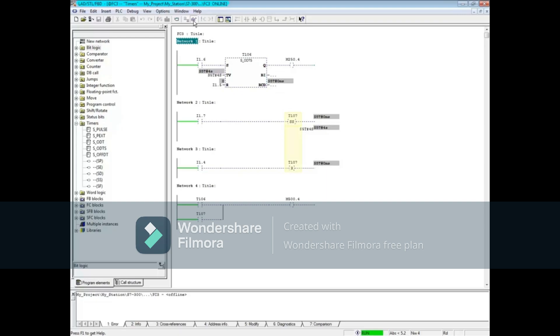Let's start timer T107 with the momentary on I1.7 and reset the timer with input 1.4.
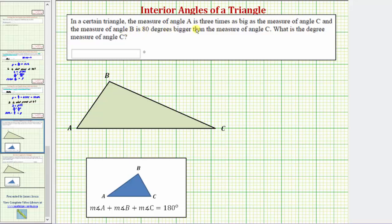In a certain triangle, the measure of angle A is three times as large as the measure of angle C. And the measure of angle B is eighty degrees larger than the measure of angle C. What is the degree measure of angle C? Notice how both angle A and angle B are related to angle C, which has an unknown measure. So let's let the measure of angle C be x degrees.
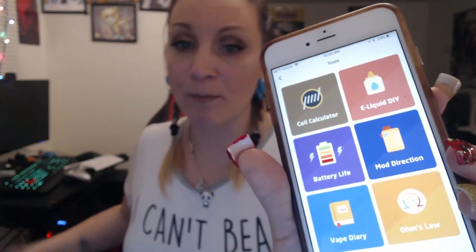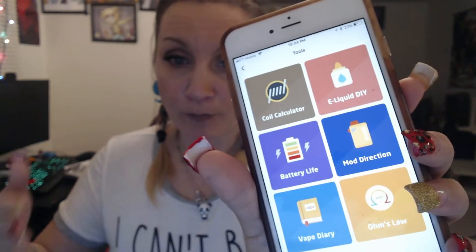There's battery life, which will literally tell you from the ohms and resistance you're using how much battery life you are drawing. There's battery safety — you always want to know battery safety, that is number one. You do not want a mod to blow up in your face. There's also mod direction, where you put your mod in and it tells you all kinds of helpful information about your mod.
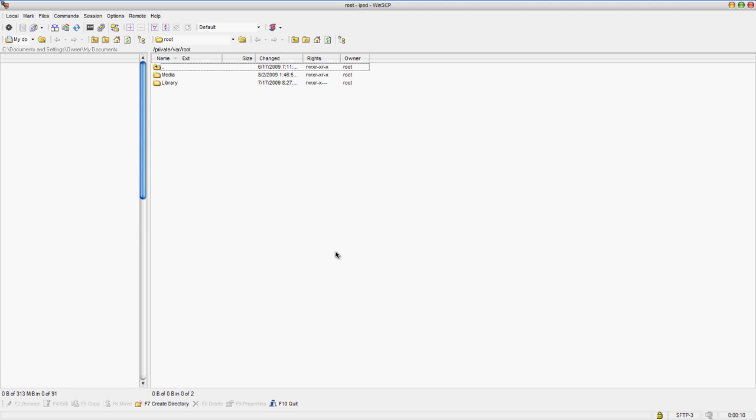Hey guys, I'm going to show you how to install the cracked version of the Safari Downloader. It's actually really easy.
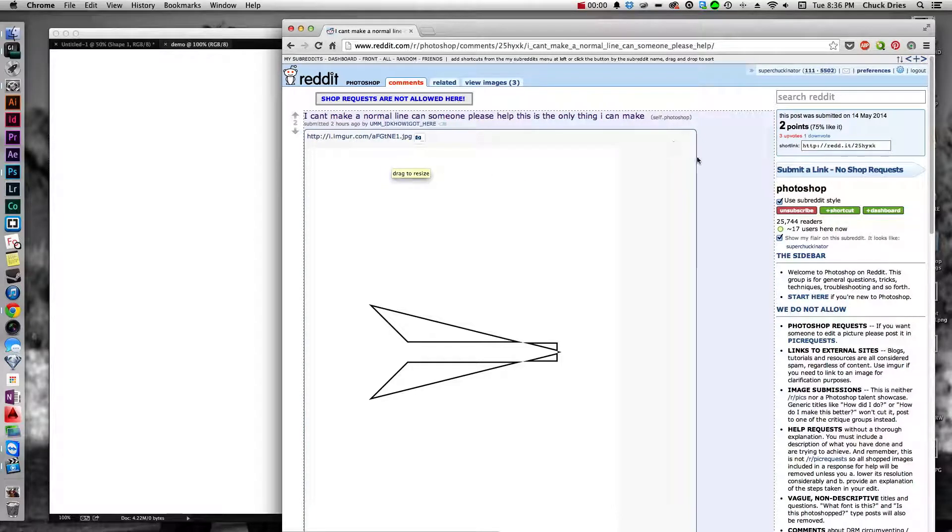Hi guys, today I'm answering a quick question from a Reddit user. He says, I can't make a normal line, could someone please help me? This is the only thing I can make, and it looks like a picture of this.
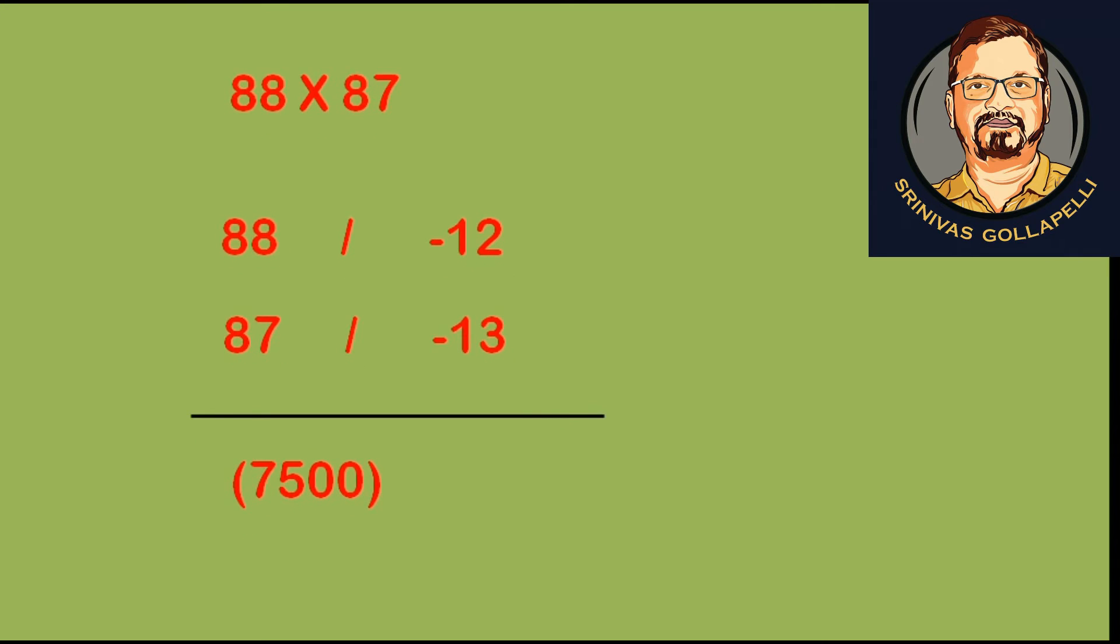Next is minus 12 into minus 13. We are going to multiply these two numbers. Minus into minus is plus, so 12 into 13 is 156.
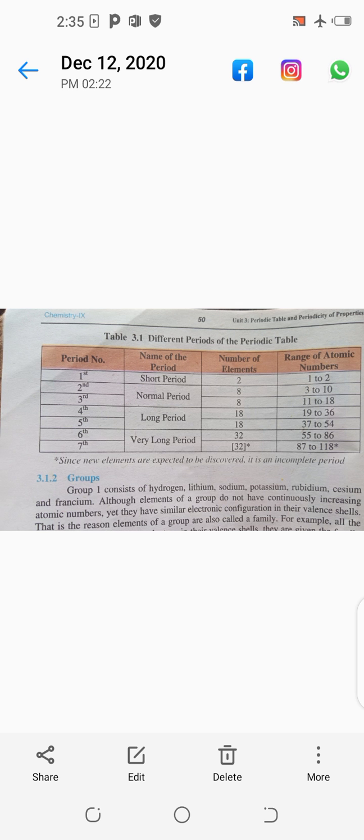The last element of the fourth period has atomic number thirty-six, meaning it has thirty-six protons in the nucleus. The atomic number range of the fifth period is thirty-seven to fifty-four, meaning the first element of the fifth period has atomic number thirty-seven and the last element has atomic number fifty-four. After that come the sixth and seventh periods, which are called very long periods because they have a greater number of elements.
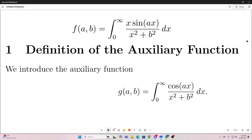The first thing we're going to do is define a different function — an auxiliary function. We're going to call it g of a and b, and it's equal to the integral from 0 to infinity of cosine of ax over x squared plus b squared, dx.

━━━━

### Your task
Return, unchanged, the lines from the first line of the material through the line that holds "Hey guys, I'm", inclusive, omitting pictures.

### The completed task
Let's start timer T107 with the momentary on I1.7 and reset the timer with input 1.4.
In a certain triangle, the measure of angle A is three times as large as the measure of angle C. And the measure of angle B is eighty degrees larger than the measure of angle C. What is the degree measure of angle C? Notice how both angle A and angle B are related to angle C, which has an unknown measure. So let's let the measure of angle C be x degrees.
There's battery life, which will literally tell you from the ohms and resistance you're using how much battery life you are drawing. There's battery safety — you always want to know battery safety, that is number one. You do not want a mod to blow up in your face. There's also mod direction, where you put your mod in and it tells you all kinds of helpful information about your mod.
Hey guys, I'm going to show you how to install the cracked version of the Safari Downloader. It's actually really easy.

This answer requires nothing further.